The decision to return back to the house was made, eventually. It was after dinner time, though it felt as though it could have been any hour, any year, any time in history when suddenly the world was turned upside down and nothing was anything anymore. Walking into our home in darkness, using a torch to see, we tucked the kids into bed, their small bodies exhausted, their spirits depleted, their eyes stinging red. Collapsing into bed ourselves, we spoke quietly together, weighing up our options, aware there was no power, no fuel, no way out of this hell. Below the hill was the evacuation centre, packed to the brim with thousands of cars, campers and people. Children were screaming, babies were crying. Sirens and helicopters continued buzzing through the night. The shock was palpable, the devastation, the terror, the sadness sitting heavy in the air with the smoke. We did not sleep that night, not knowing what we would wake to. We could not have imagined how much would be gone, how many homes were flattened to black ash, how many people lost everything, how many animals had perished, how close it got.

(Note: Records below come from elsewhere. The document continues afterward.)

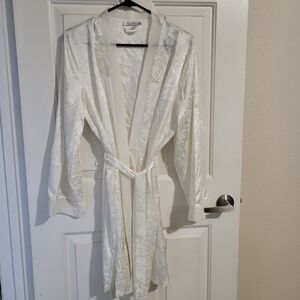 Linea Donatella Elegant White Lace Trim Gown, Nighty & Robe. Never Worn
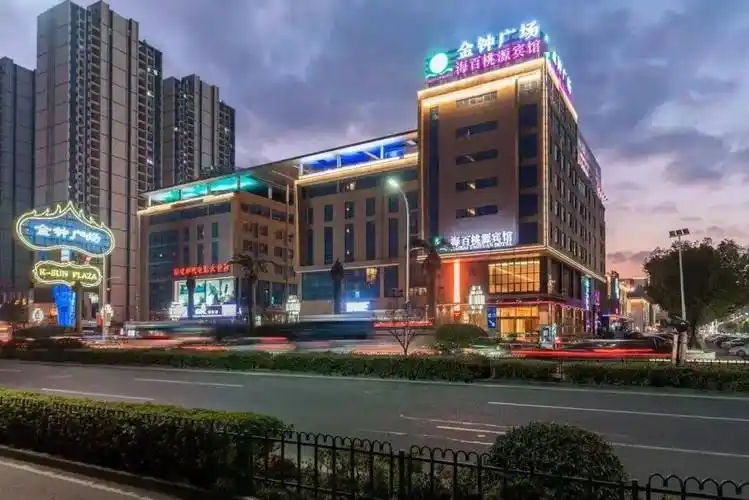 金钟广场特色美食街,承载着奉化人对夜宵的最初记忆和怀旧情结,这里是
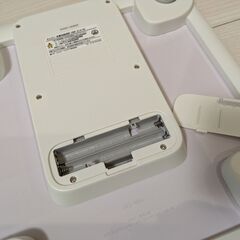 【値下げ☆（3,000円→1,000円）】体重体組成計 HBF-214-W カラダスキャン ホワイトの画像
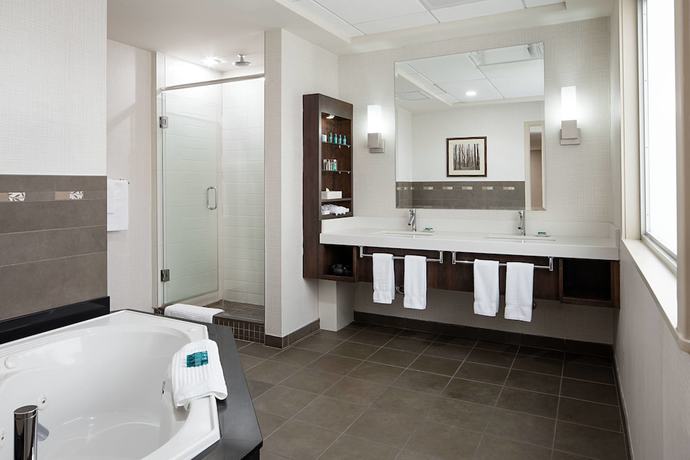 Imagen de la habitación del Hotel Delta Hotels By Marriott Calgary South. Foto 16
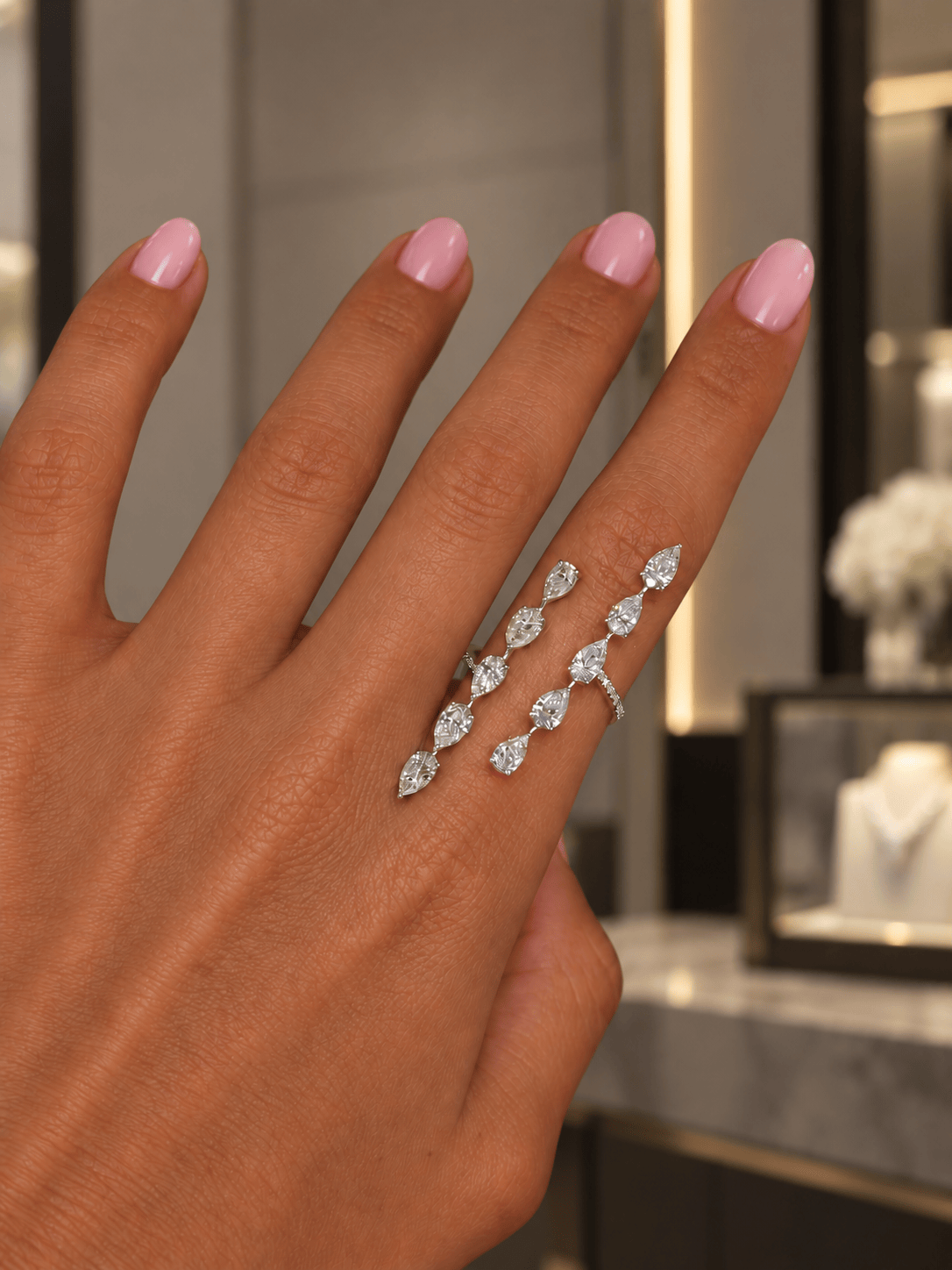 Ivy Pear Ring LG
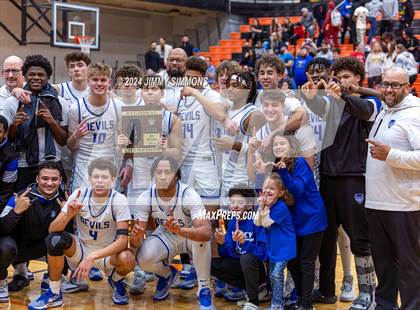 Thumbnail 1 in Quincy vs. O'Fallon(IHSA 4A Sectional Semifinals) photogallery.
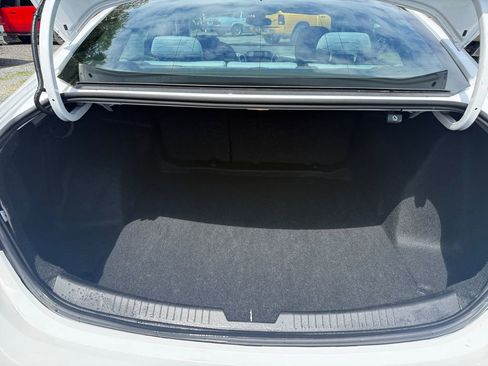 Used 2022 Chevrolet Malibu LS w/ Driver Confidence Package FWD image 29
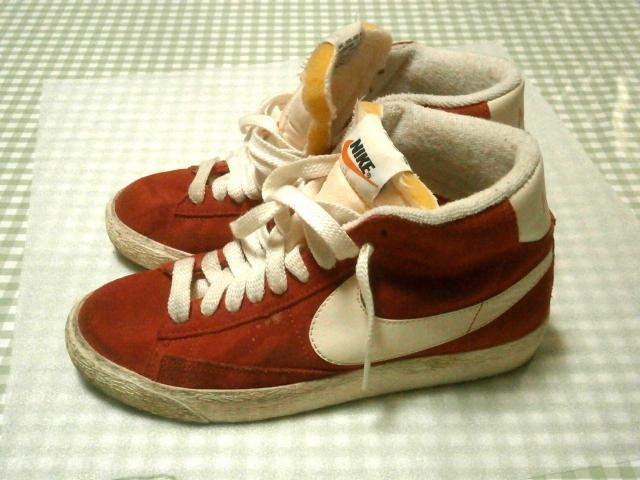 ◆NIKE 23.5cm ナイキ 中古品 ハイカットスニーカー レディース < 女性ファッション  ◆NIKE 23.5cm ナイキ 中古品 ハイカットスニーカー レディース < 女性ファッションの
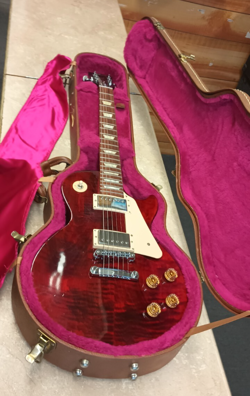 GIBSON LES PAUL STUDIO 2013 RED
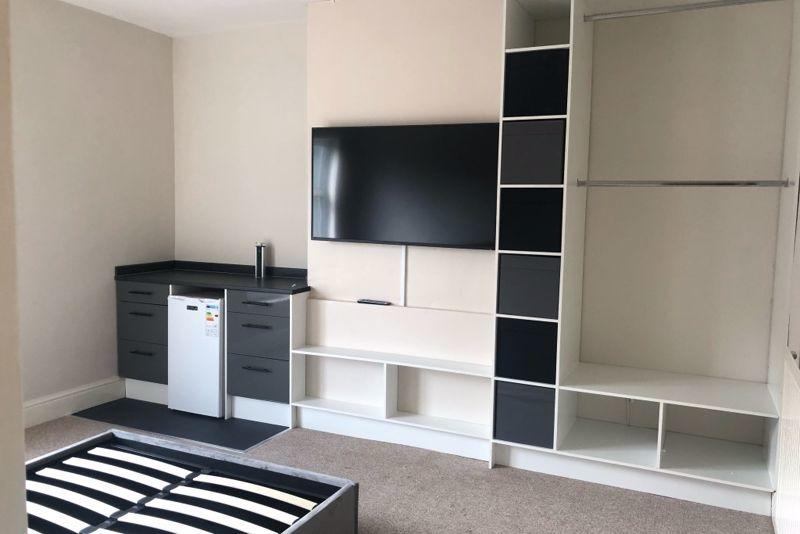 Photo 1: Double Room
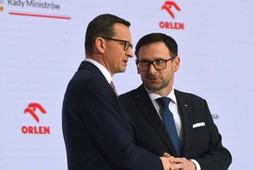 Premier Mateusz Morawiecki i prezes Orlenu Daniel Obajtek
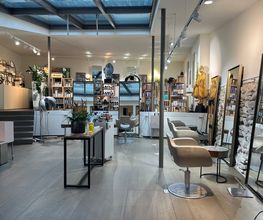 Référence Coiffure GmbH Bild 2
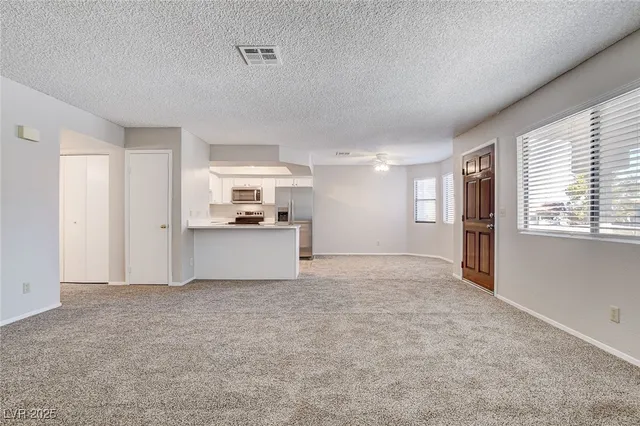 $1,640 | 2713 Otter Creek Court, Unit 202, Las Vegas, NV 89117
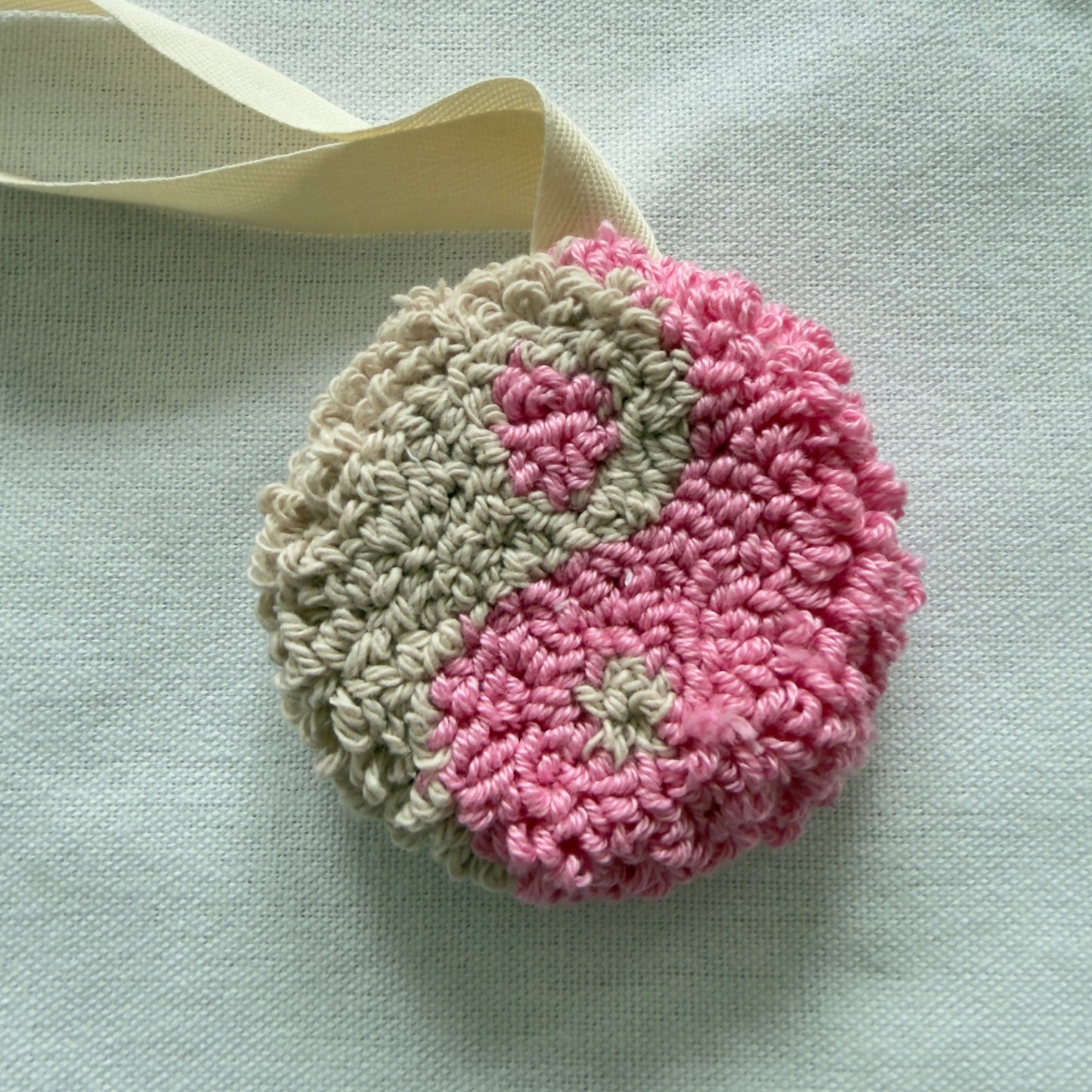 Ying Yang Speenhanger Sample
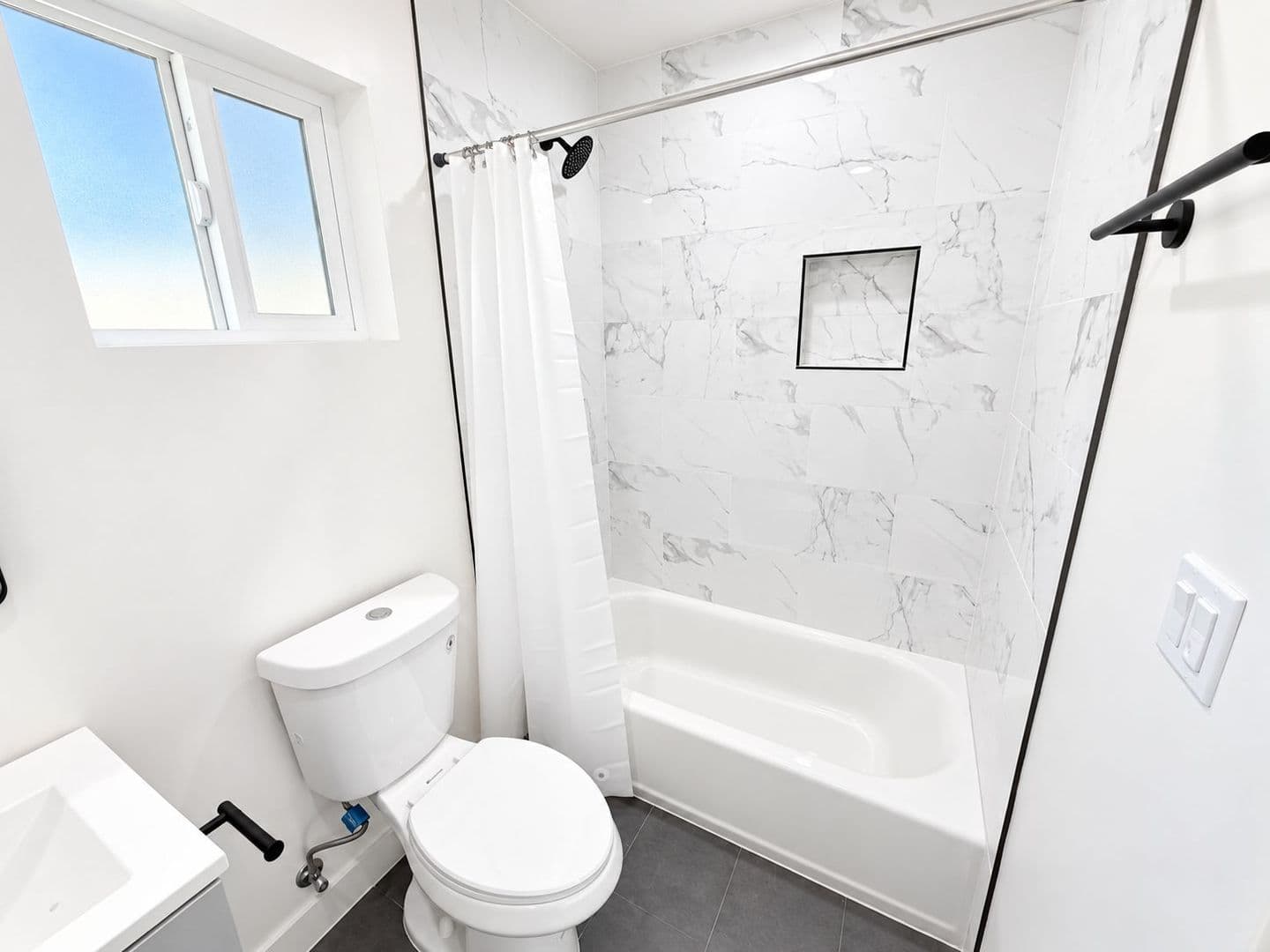 Panorama City Apartment: 14662 Rayen St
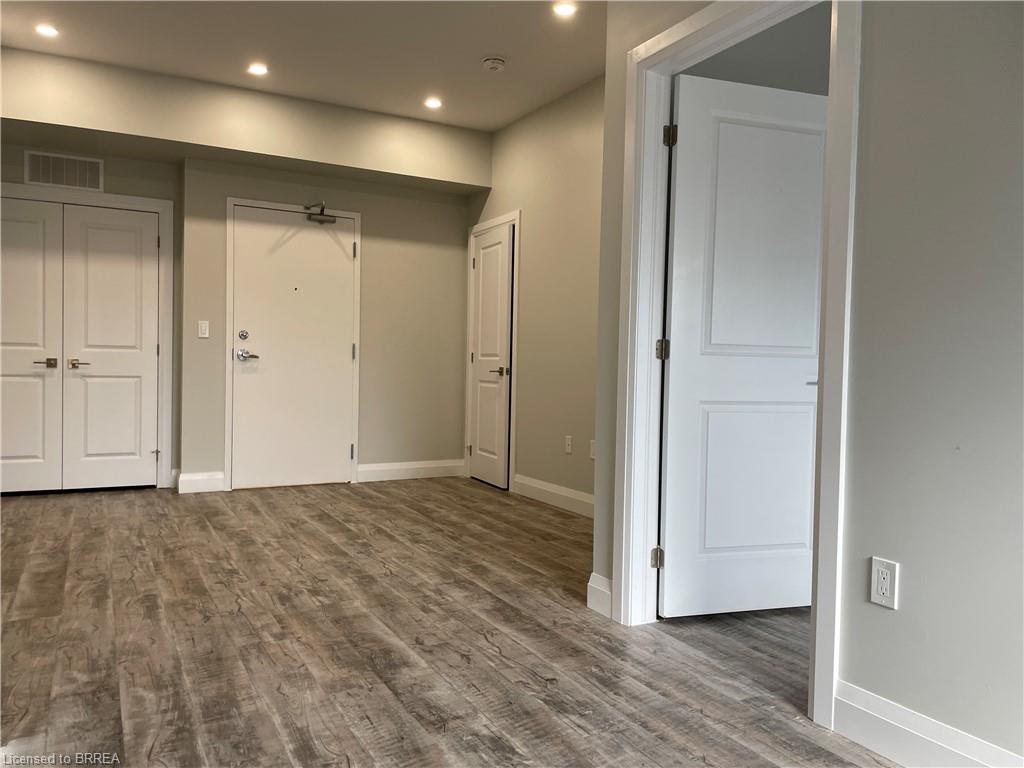 Unit 102 - 124 King Street, Norfolk 5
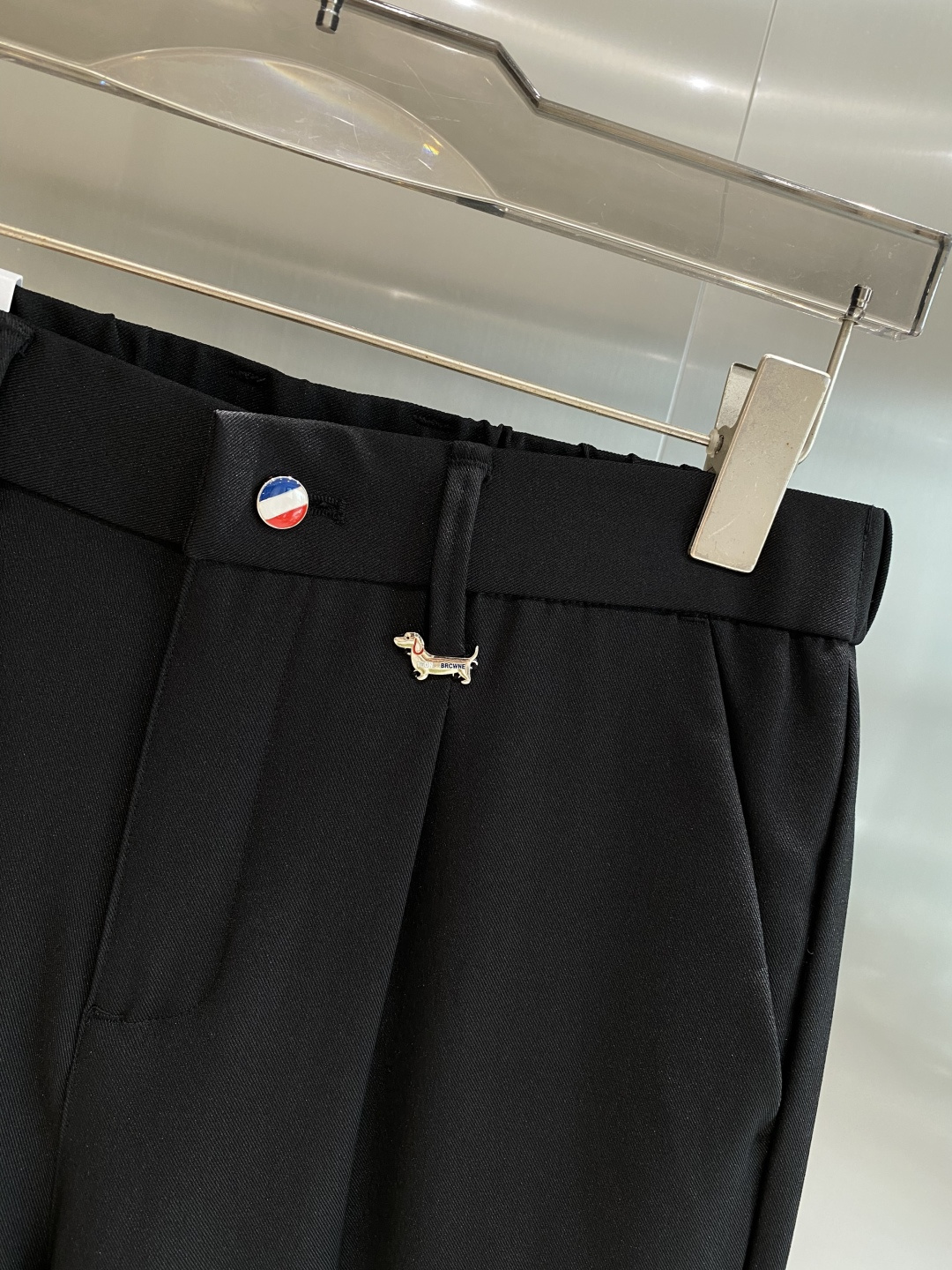 《𝙉𝙚𝙬🤍🖤TB家》
2025西裤 优雅干练两不误！裤子版型修身，线条流畅，能很好地修饰腿部线条，让你在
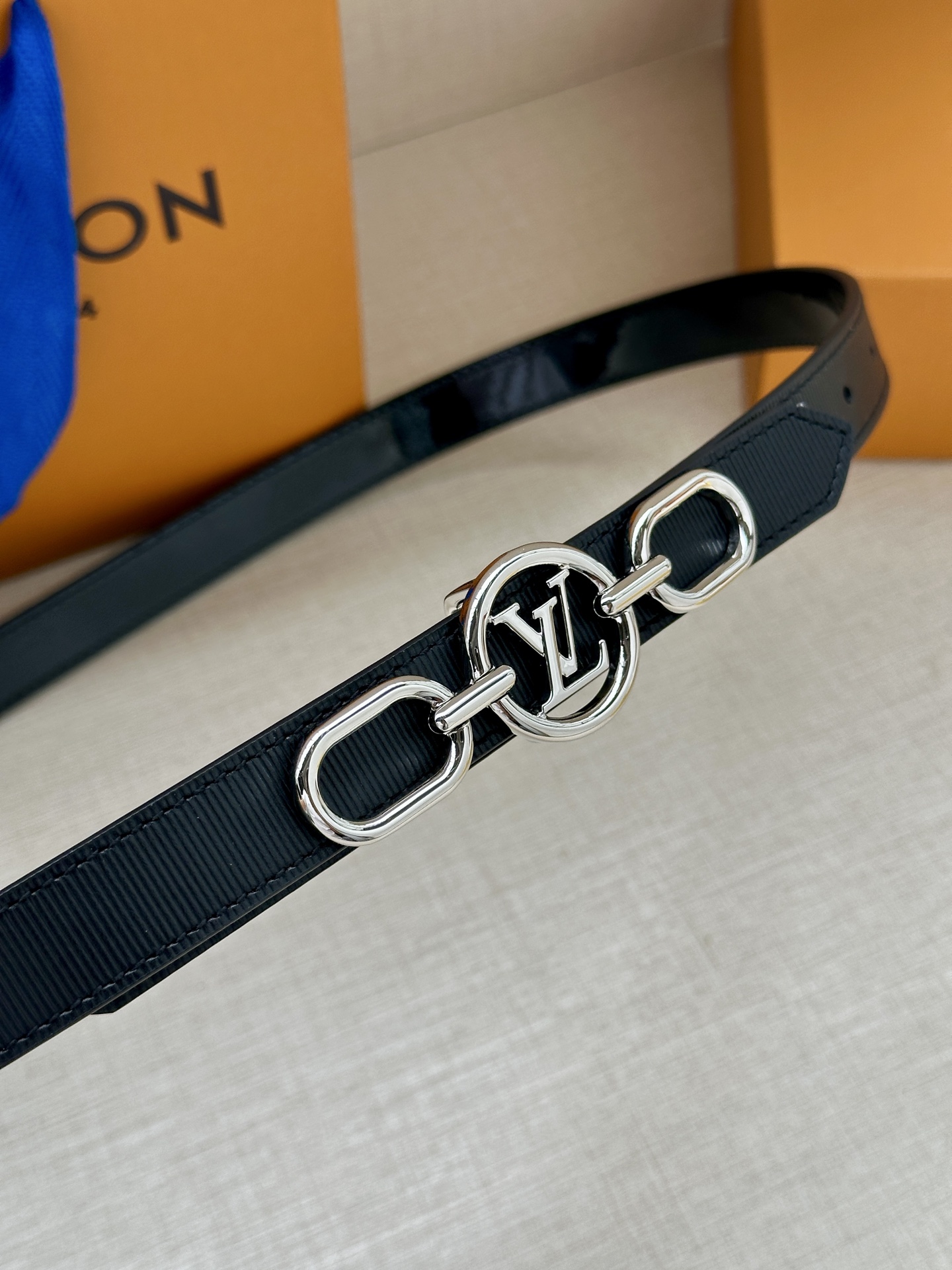 Louis Vuitton 2.0厘米窄版皮带 甄选黑色细纹皮革 搭配双色铜质金属扣-Top High Quatity Cheap Sneakers Fashion Clothing Clothes Bags handbags Shoes of all Brand wholesale With The best Quality And Beautiful Price from China Factory Chinese suppliers wholesaler seller Louis Vuitton 2.0厘米窄版皮带 甄选黑色细纹皮革 搭配双色铜质金属扣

By a stroke of luck my dad had enough petrol in his garage to fill out car, to get us home. We began what would be a 9 hour drive through smoke, flames and despair. Our car overheating every twenty minutes, we filled it up with water again and again as we prayed it would get us home and not leave us stuck beside the road as danger surrounded us. White knuckles on the steering wheel, tears on our children's faces, coughing, runny nosed, devastated, terrified. Moving through heavy smoke, baron land and fires on either side of us, it felt as though we were driving through history, from before to after, a world completely changed. Something lost, never to be found again. We didn't speak. Pulling into the garage at home, we had made it. We were safe but shattered. The relief lasted just moments as we discovered it wasn't the ending, but the beginning. The beginning of healing, ahead of us lay the monumental task of unpacking the emotional impact, of trying to hold our family together as we all fell part in our own ways. The beginning of anger, of frustration, of grief.
Climate change is something we have never been able to see, or feel, or hear, or taste or touch. It has been a concept, a terrifying concept, but something to imagine in a future we do not want to believe. In that moment climate change was no longer a concept to be imagined. We felt it, painfully hot on our skin, fear racing through our veins. We saw it, a fiery red sky surrounding us and a complete succumbing to the ferocity of nature. We tasted it, bitter ash in our mouths. We heard it, sirens blazing, the wind howling, screams and then silence.
We found, along with thousands of others that night, that the world is no longer the world we know. Things have changed, on our watch, because of us, yet we did not know. All the warnings, all the predictions, all of our failures roared towards us on the last day of the decade, usually a night reserved for joy and celebration. Can you hear her? Can you hear Mother Nature demanding to be respected? Can you hear her desperation, her pain, her fury? Can you hear the call to action? We heard it, we saw it, we felt it. We will never be the same, our country will never be the same. Our beautiful earth, our beautiful world, is telling us it now it is time. Not tomorrow, not next year, not in 2030, NOW. There is no more time left.